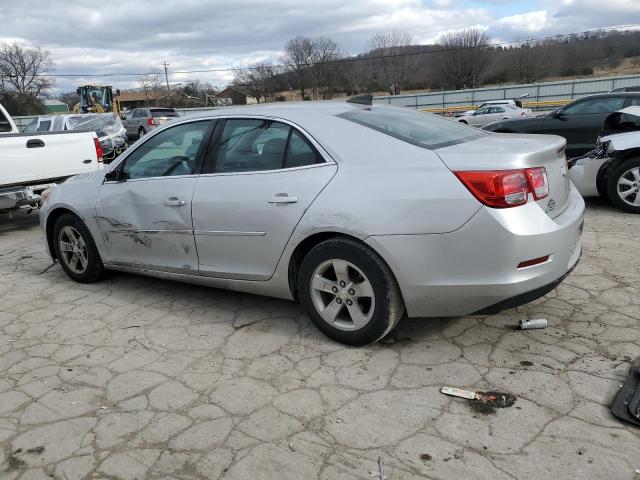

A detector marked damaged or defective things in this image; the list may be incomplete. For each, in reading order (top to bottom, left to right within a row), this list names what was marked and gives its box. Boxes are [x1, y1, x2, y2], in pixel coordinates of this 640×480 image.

damaged silver car [37, 103, 584, 346]
cracked concrete pavement [0, 197, 636, 478]
damaged white car [568, 109, 640, 216]
damaged silver car [568, 109, 640, 216]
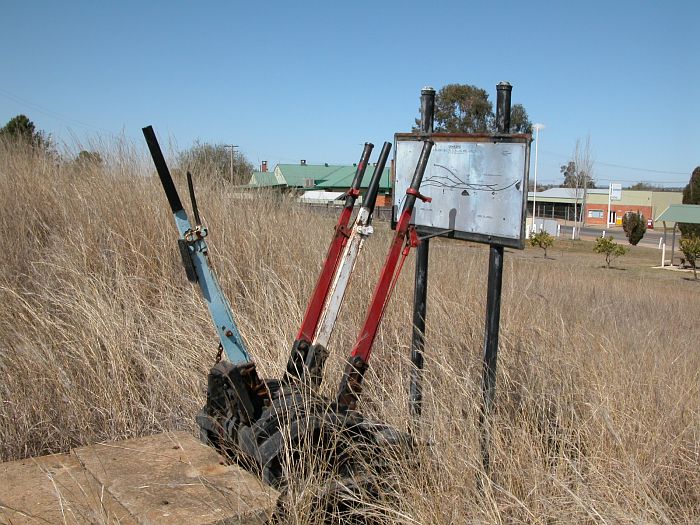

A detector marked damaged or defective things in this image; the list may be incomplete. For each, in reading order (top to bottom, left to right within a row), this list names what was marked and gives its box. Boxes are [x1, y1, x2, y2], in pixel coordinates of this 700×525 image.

rusty metal lever mechanism [143, 126, 252, 364]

════════════════════

--- WHAT TO DO ---
Reproduce the material above verbatim; omit every picture.

--- EXERCISE RESULT ---
A detector marked damaged or defective things in this image; the list may be incomplete. For each, in reading order (top to bottom, left to right within a row), this list names what was marked and gives its box. Boxes are [x1, y1, x2, y2], in pixel coordinates of this 640×480 image.

damaged silver car [37, 103, 584, 346]
cracked concrete pavement [0, 197, 636, 478]
damaged white car [568, 109, 640, 216]
damaged silver car [568, 109, 640, 216]

A detector marked damaged or defective things in this image; the list may be incomplete. For each, in reading order (top to bottom, left to right within a row), this list names what was marked and gives its box. Boxes are [x1, y1, x2, y2], in pixel coordinates of this 700×525 image.

rusty metal lever mechanism [143, 126, 252, 364]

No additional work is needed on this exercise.